## [WORK TASK]
In your copy of the data, omit the pictures and keep all else exactly as given.

## [STORED DATA]
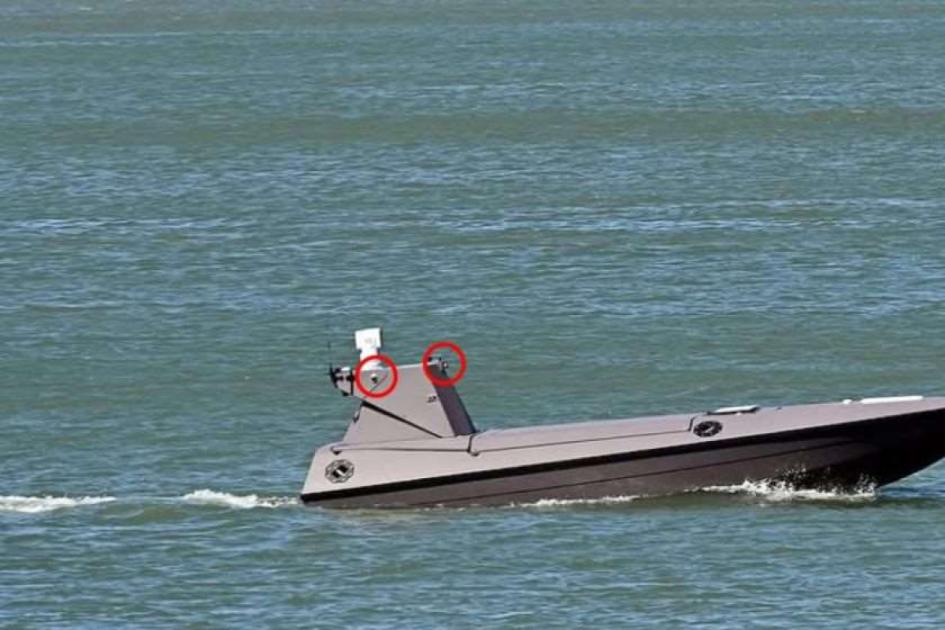 left-slider-image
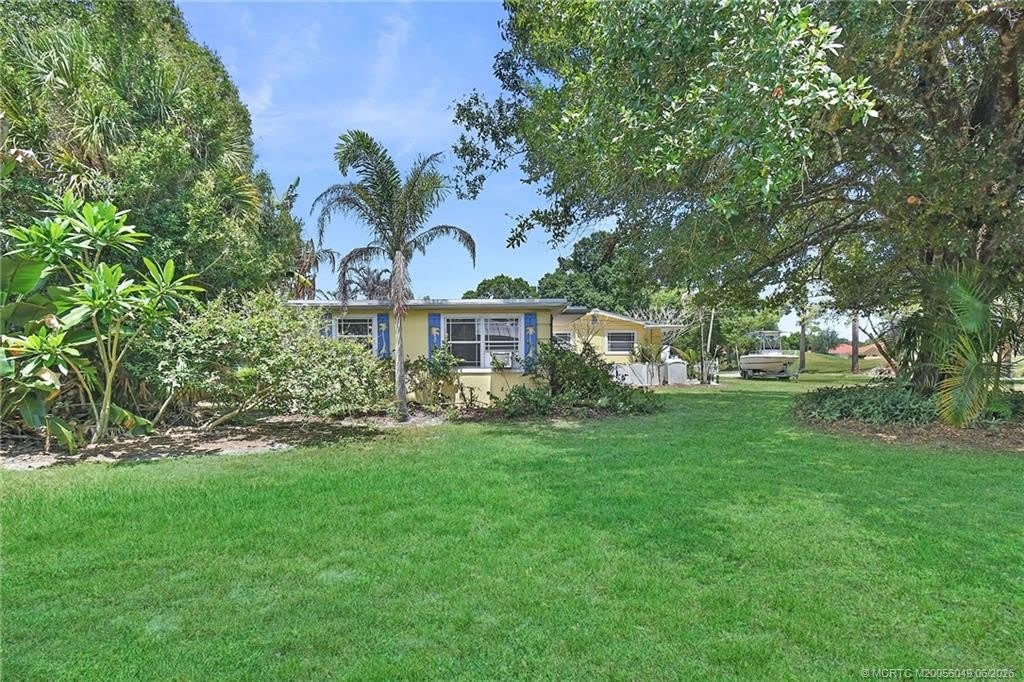 1413 SW Heather Terrace – photo 5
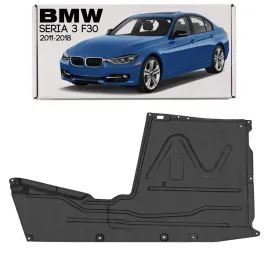 bmw-seria-3-f30-2011-18-materialowa-oslona-skrzyni-biegow-lewa-51757241831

## [RESPONSE BELOW]
 left-slider-image
 1413 SW Heather Terrace – photo 5
 bmw-seria-3-f30-2011-18-materialowa-oslona-skrzyni-biegow-lewa-51757241831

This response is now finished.